Long way to go to match Cambodia’s 20 official public holidays!
So currently (2nd August) the WHOLE island is on holiday – I do mean everything, not just banks – to do business on a public holiday requires a special licence so nearly all shops, restaurants, garages, attractions etc. are closed. But this is a special holiday : it’s the Cup Match between St George’s and Somerset – a cricket match. I have been told that years ago when the two days were normal working days then people took “sick” leave to watch the match so eventually the days were made into a public holiday!
The beaches are crowded and locals are camping out in all and every grassy free space. Even if you have never watched a cricket match you cannot fail to be caught up in the atmosphere.
Choose your team:
Somerset the western end of the island, is blue and red
St George in the east, is dark blue with light blue
I chose St George, but at end of play yesterday they didn’t seem to be doing so well.
The history of Cup Match is given on the sponsors page – HSBC, one of the two main banks in Bermuda.
It marks Emancipation Day, August 1st 1834, as recognised by countries once in the Bristish Empire.
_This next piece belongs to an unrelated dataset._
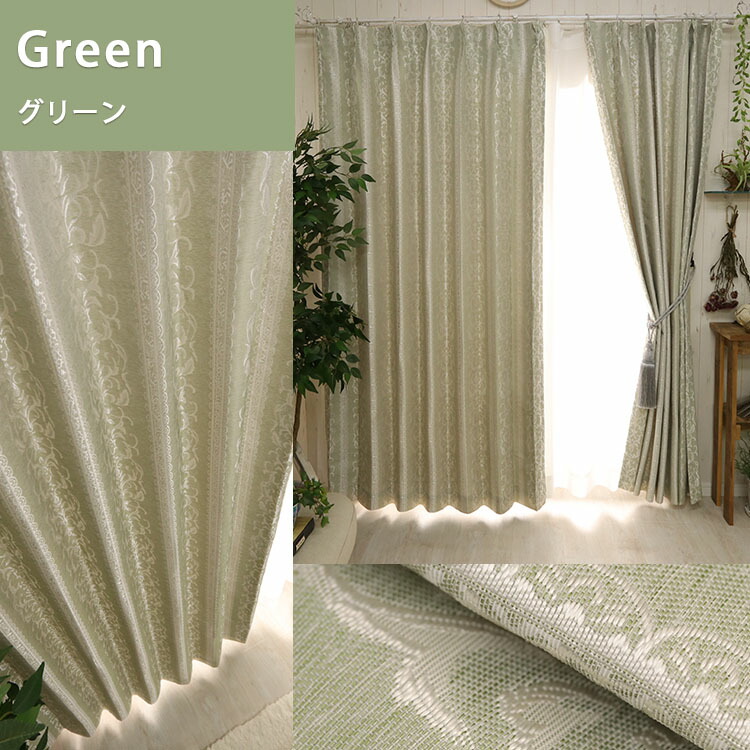 楽天市場】【最大9900円クーポン☆スーパーセール】カーテン 2枚組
I believe American emancipation was some 30 years later and is marked on different days in the various states.
Bermuda was not as dependent upon slaves as some other West Indian islands or the southern states. Many of those that arrived on the island were captured by Privateers (licensed pirating) while others were indentured for periods of time to pay back their passage on ships. They included Native American and Irish as well as Africans. The initial period for indenture was 7 years, but in a blatant move the Governors of the time changed it to 99 years for blacks, so freedom was impossible.
In 2001, Bermuda Department of Tourism and the international body African Diaspora created a trail tracing the legacy of slavery in Bermuda. Certain places are marked by bronze plaques and at the Commissioner’s House at Dockyard there is an exhibit documenting some features of everyday lives of slaves on the island.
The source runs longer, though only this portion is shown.